It just stops there, but it won't pop up the GUI. The GUI looks like this:

http://img243.imageshack.us/img243/2332/loginei.png

When just by running a jar file normally, it works. But when running a jar file to run another one, it won't.

loader class (main class):
http://pastebin.com/3tMnKtt5

Bot class:
http://pastebin.com/Wycu6hFK

ProgressChecker class:
http://pastebin.com/4mHgvj9a

PreLoader class:
http://pastebin.com/pRr0cAs9

Updated class:
http://pastebin.com/jw86VvVp

Unpack class:
http://pastebin.com/u9Jh2Qak

Terminate class:
http://pastebin.com/FwkRQ5rS

GameFrame class:
http://pastebin.com/p0phfHjv

GamePanel class:
http://pastebin.com/nffxBw3H

Sorry for the classes being so long and having so many, but I just can't seem to figure out why it won't load the GUI properly. Help is appreciated. Thanks.


----------



## liquid_vision (Apr 17, 2010)

I'm confused. Your loader class is the main class, and it extends JApplet.

This loader is contained within a loader jar, which is then used to load another jar.

In this second jar, what is the main class which starts the program up, and what syntax do you use to launch it?

Also, in your loader, you have 2 constructors, one default and one overloaded.

The only difference I can spot between them is that the overloaded one is passed a string array.
Other than that, it seems identical, and doesn't actually use the string array for anything.

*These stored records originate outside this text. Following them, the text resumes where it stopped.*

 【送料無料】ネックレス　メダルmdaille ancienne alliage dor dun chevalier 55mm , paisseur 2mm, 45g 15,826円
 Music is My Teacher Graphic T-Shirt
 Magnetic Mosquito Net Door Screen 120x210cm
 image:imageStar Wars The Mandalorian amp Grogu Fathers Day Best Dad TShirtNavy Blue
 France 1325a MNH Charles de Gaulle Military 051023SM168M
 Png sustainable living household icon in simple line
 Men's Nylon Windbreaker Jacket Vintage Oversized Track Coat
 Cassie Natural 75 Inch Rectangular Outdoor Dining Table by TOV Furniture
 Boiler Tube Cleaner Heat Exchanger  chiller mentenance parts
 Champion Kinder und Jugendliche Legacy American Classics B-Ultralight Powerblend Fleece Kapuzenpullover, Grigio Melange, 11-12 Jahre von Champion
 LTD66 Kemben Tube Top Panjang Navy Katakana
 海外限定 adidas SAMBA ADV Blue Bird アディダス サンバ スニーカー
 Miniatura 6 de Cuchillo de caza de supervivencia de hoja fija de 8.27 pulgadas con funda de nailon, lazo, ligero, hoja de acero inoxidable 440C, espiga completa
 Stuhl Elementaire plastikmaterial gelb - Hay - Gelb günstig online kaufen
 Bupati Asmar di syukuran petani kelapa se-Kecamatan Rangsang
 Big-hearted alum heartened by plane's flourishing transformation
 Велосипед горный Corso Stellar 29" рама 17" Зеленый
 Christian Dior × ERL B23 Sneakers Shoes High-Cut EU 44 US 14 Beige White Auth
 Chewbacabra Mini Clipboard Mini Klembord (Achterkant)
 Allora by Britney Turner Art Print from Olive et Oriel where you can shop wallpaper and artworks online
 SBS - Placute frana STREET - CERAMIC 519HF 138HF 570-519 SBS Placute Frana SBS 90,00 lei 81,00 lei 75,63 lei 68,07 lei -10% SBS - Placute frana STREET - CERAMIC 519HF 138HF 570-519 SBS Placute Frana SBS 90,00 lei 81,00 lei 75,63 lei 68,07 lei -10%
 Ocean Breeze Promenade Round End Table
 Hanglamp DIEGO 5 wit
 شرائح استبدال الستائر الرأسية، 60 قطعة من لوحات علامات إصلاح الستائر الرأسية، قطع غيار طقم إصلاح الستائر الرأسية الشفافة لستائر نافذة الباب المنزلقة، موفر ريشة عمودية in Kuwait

Is this something that has been overlooked, or have I missed the reason for doing this?

---------

In the section


 public final String findCacheDir() {
 String[] dir = {
 "c:/windows/", "c:/winnt/", "d:/windows/", "d:/winnt/", "e:/windows/", "e:/winnt/",
 "f:/windows/", "f:/winnt/", "c:/", "~/", "/tmp/", "", "c:/rscache", "/rscache"
 };
 String str = "ERcache_file_store_32";
 for (int i = 0; i < str.length(); i++) {

I presume the line

for (int i = 0; i < str.length(); i++) {

should read

for (int i = 0; i < dir.length(); i++) {

otherwise, you are stepping through each letter of "ERcache_file_store_32" rather than folder names.

-------

This section makes very little sense to me. You are opening a socket directly to a zip file, on port 704.

sock = new Socket("http://elementalregion.com/ERcache/cache.zip", 704); sock.setSoTimeout(1000);
OutputStream out = sock.getOutputStream();
InputStream in = sock.getInputStream();
out.write(len);

Creating an integer (i) as value -1

int i = -1;

You have a while statement which doesn't have a brace at the end, so does nothing...

while(in.available() <= 0);

...and you are reading a zip file 1 integer at a time into a value which contains an integer....

i = in.read();

---------

In your preloader,you have the line

Class load = (Class)hash.get(str);

but the hash table at this stage has not been populated with anything...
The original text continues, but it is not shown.